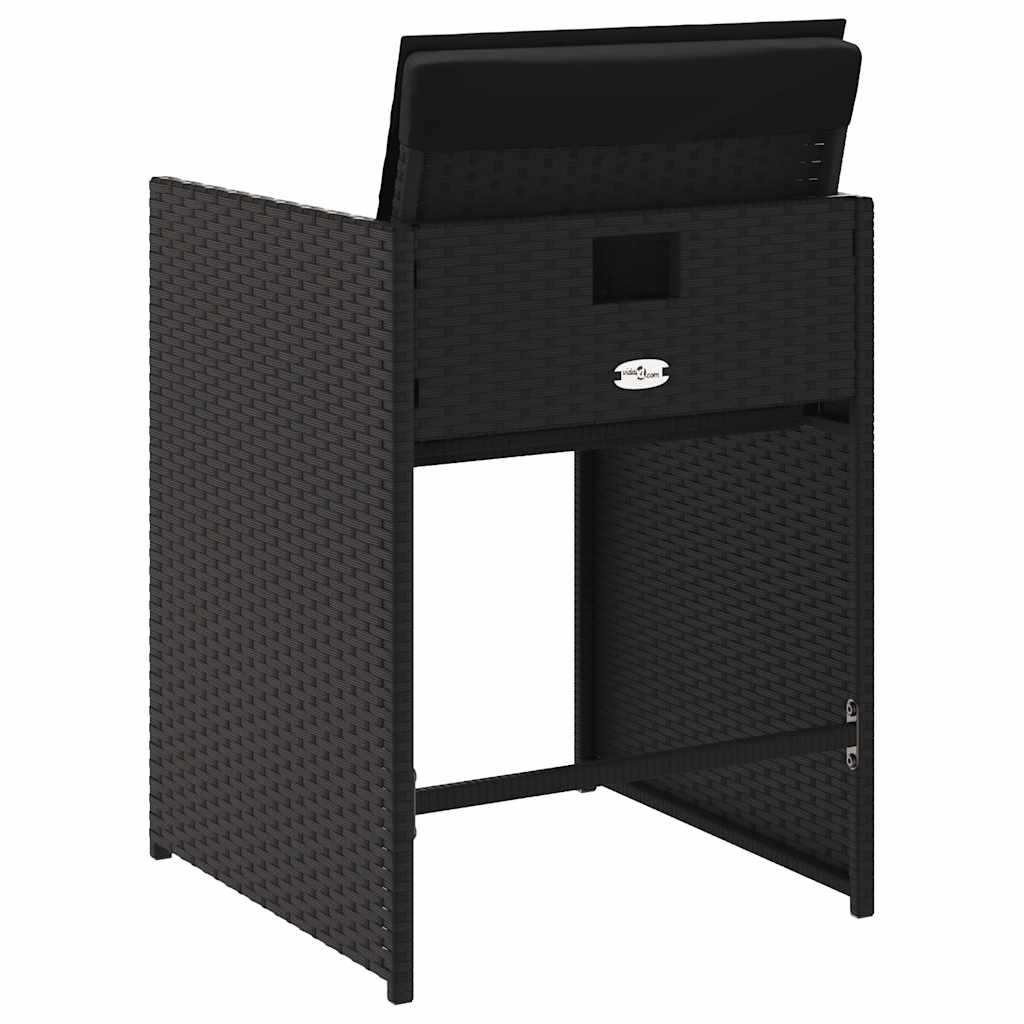vidaXL Chaises de jardin avec coussins 4 pcs Noir Résine tressée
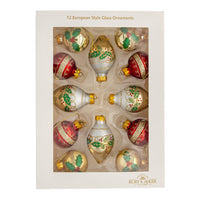 35MM Glass Gold, Green & Red Ball & Finial Ornaments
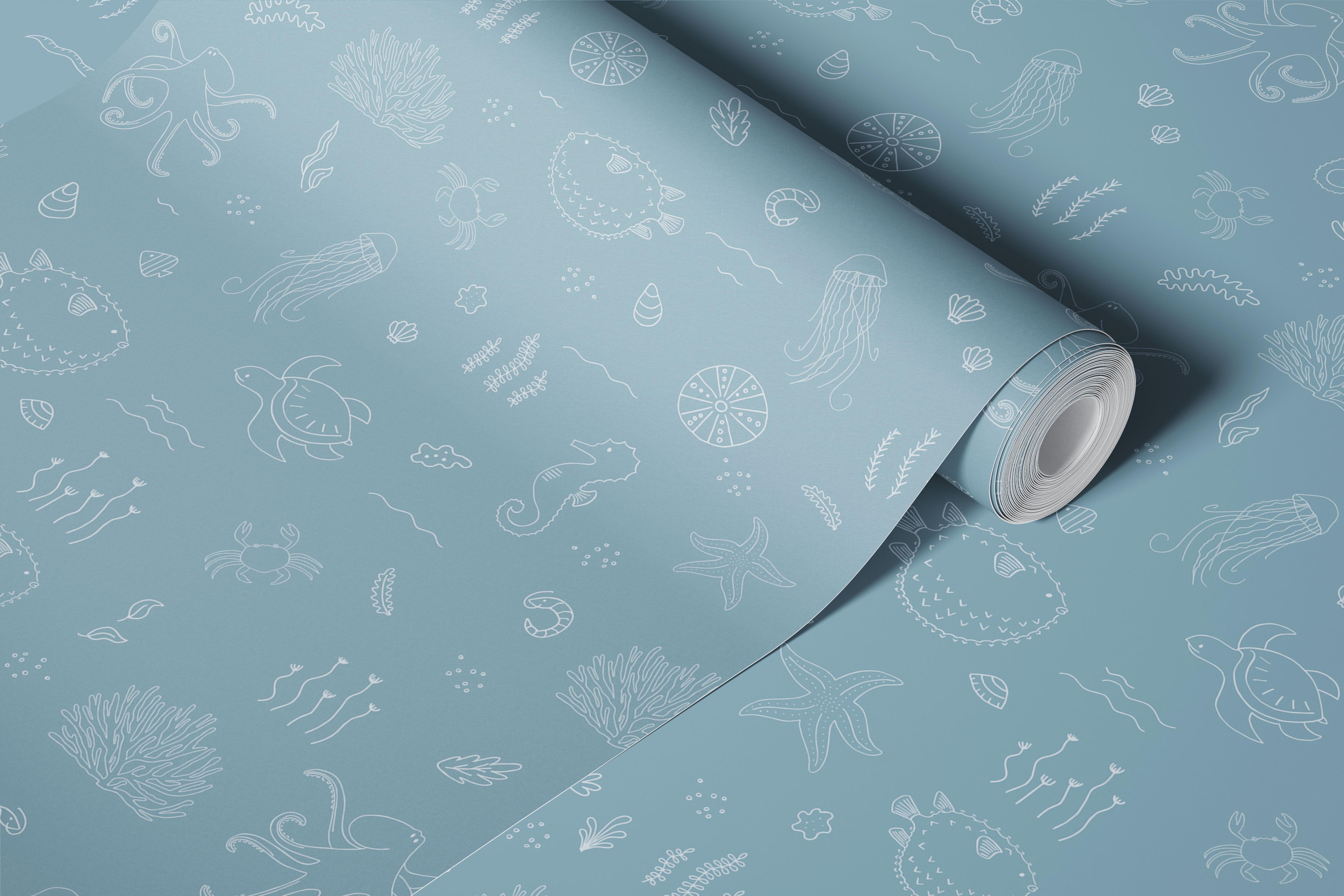Ocean life doodle patterns in soft blue and white wallpaper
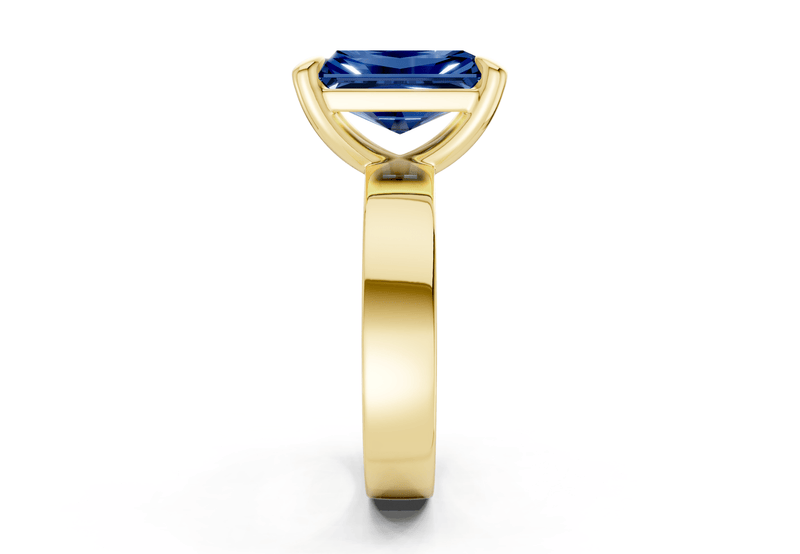 Cascade Sapphire Gemstone Solitaire Radiant Cut 4mm Engagement Ring - Ring Premier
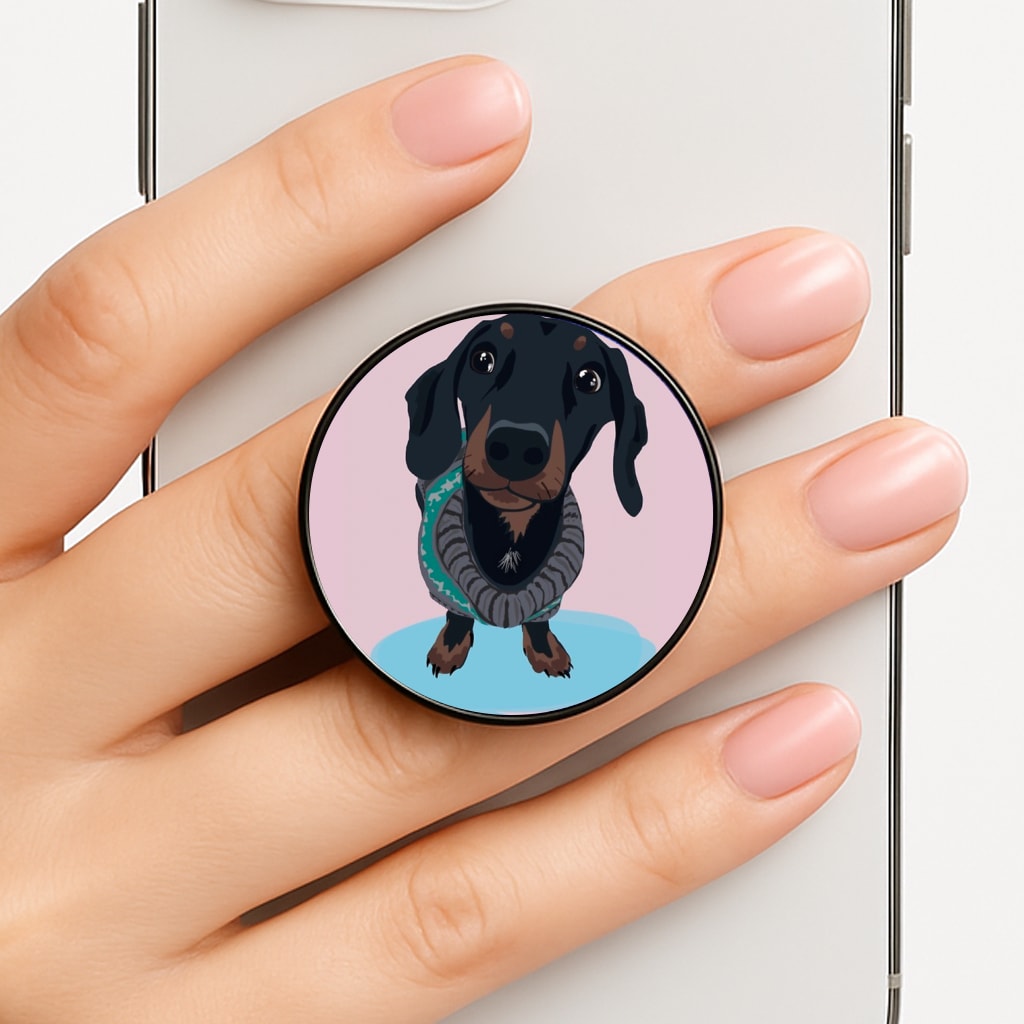 Cartoon Dachshund Phone Grip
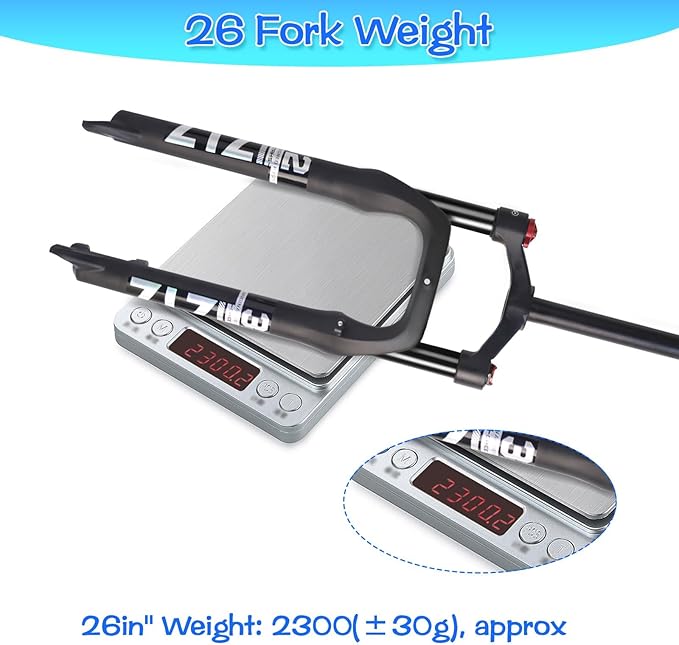 B Bolany 26 * 4.0 inch Fat Tire MTB Air Suspension Fork - 120mm Travel, 135mm Spacing Hub，9mm QR，Crown Lockout,Ultralight Mountain Bike Front Fork， Ideal for Snow Beach XC Mountain Bikes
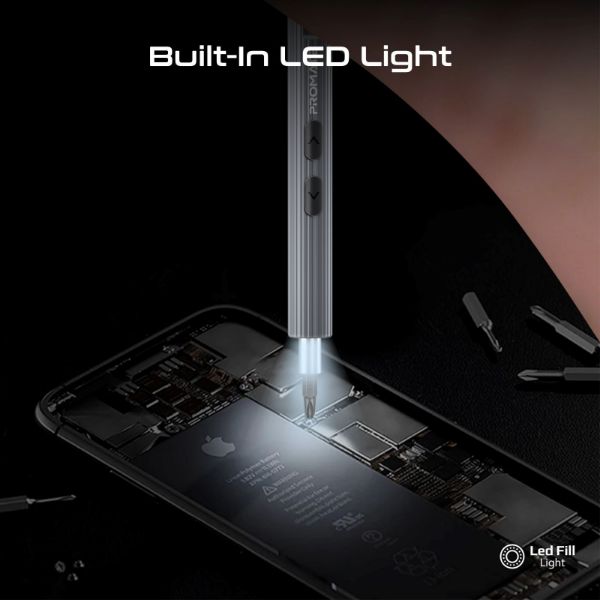 Picture of 62-Pieces Cordless Electric DIY Pocket ScrewDriver Kit w/ LED Fill Light. 200RPM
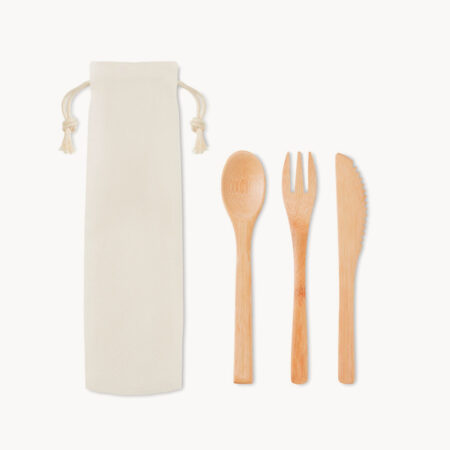 Set de cubiertos de bambú y bolsa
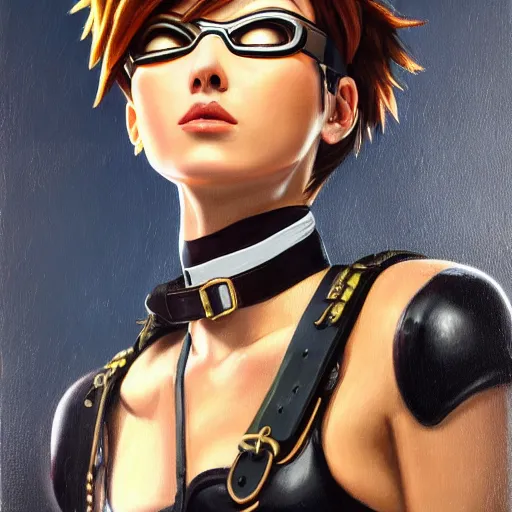 Image similar to oil painting of tracer overwatch in a field wearing very large black leather belt choker collar around neck, in style of mark arian, expressive face, very detailed face, very detailed eyes, belt around neck, full body, feminine face, tracer overwatch,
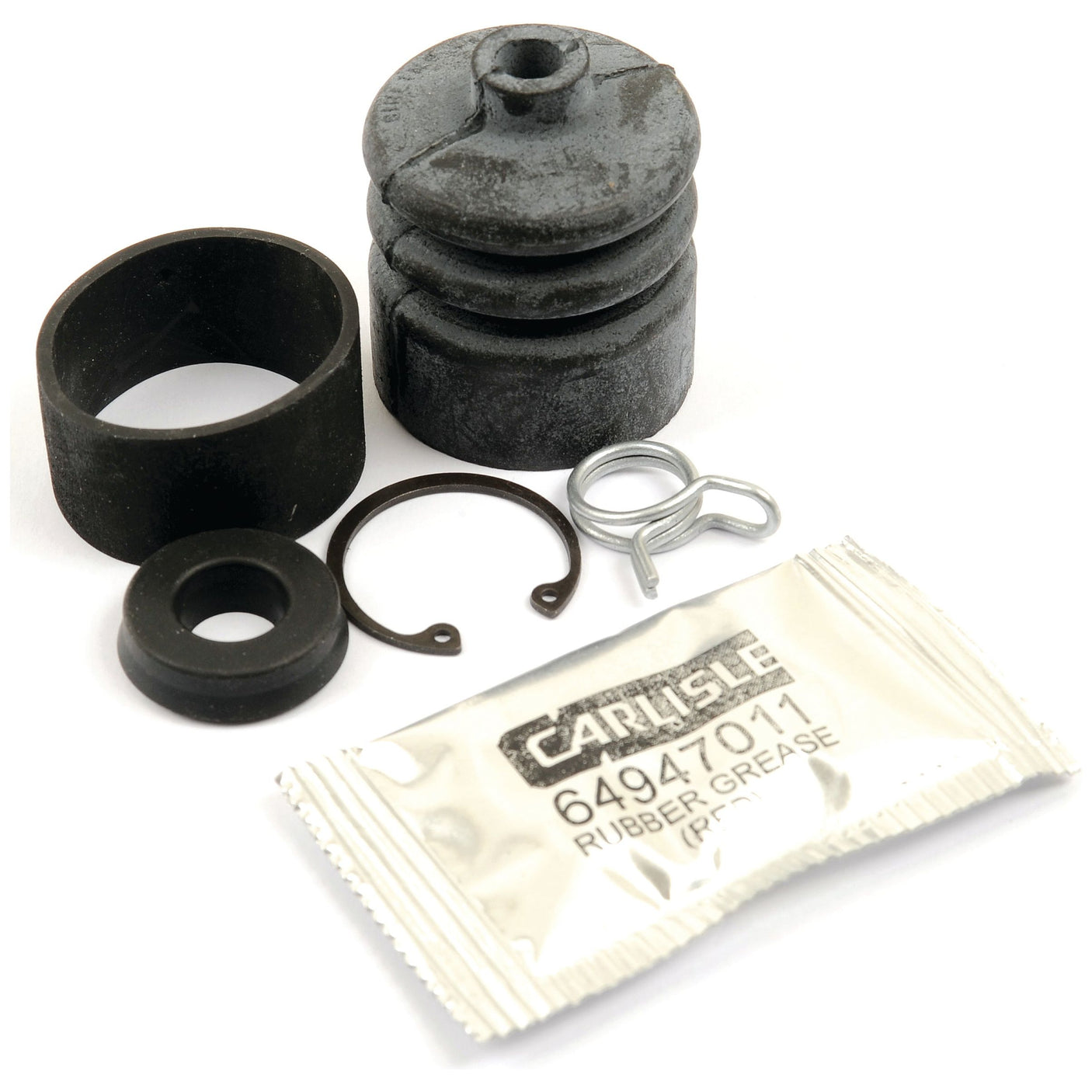 The Brake Slave Cylinder Repair Kit (Sparex Part No.S.102693) by Sparex is a comprehensive solution for Ford / New Holland vehicles, featuring expertly crafted mechanical parts such as rubber seals, metal clips, a spring, and a packet of Carlisle rubber grease.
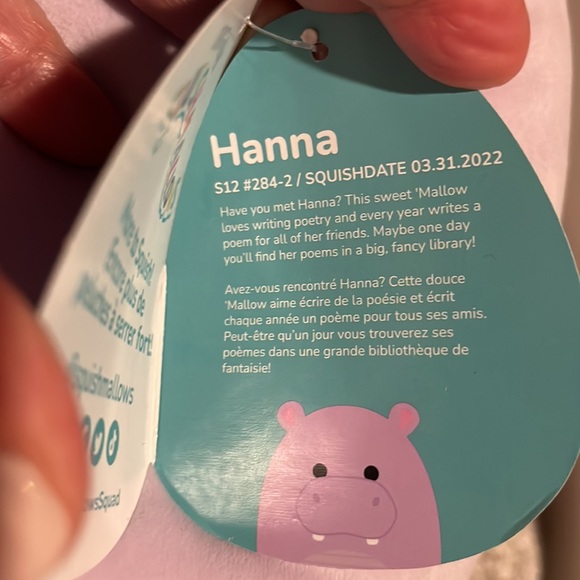 BNWT HANNA 🦛 Purple Hippo Original Squishmallows by Kelly Toy ☆》NWT《☆ 12 inch - Picture 4 of 6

- - -

Work order: From the line with "The Brake Slave" through the last line of the entries above, transcribe everything exactly, both ends included, but not the pictures.

Your response:
 The Brake Slave Cylinder Repair Kit (Sparex Part No.S.102693) by Sparex is a comprehensive solution for Ford / New Holland vehicles, featuring expertly crafted mechanical parts such as rubber seals, metal clips, a spring, and a packet of Carlisle rubber grease.
 BNWT HANNA 🦛 Purple Hippo Original Squishmallows by Kelly Toy ☆》NWT《☆ 12 inch - Picture 4 of 6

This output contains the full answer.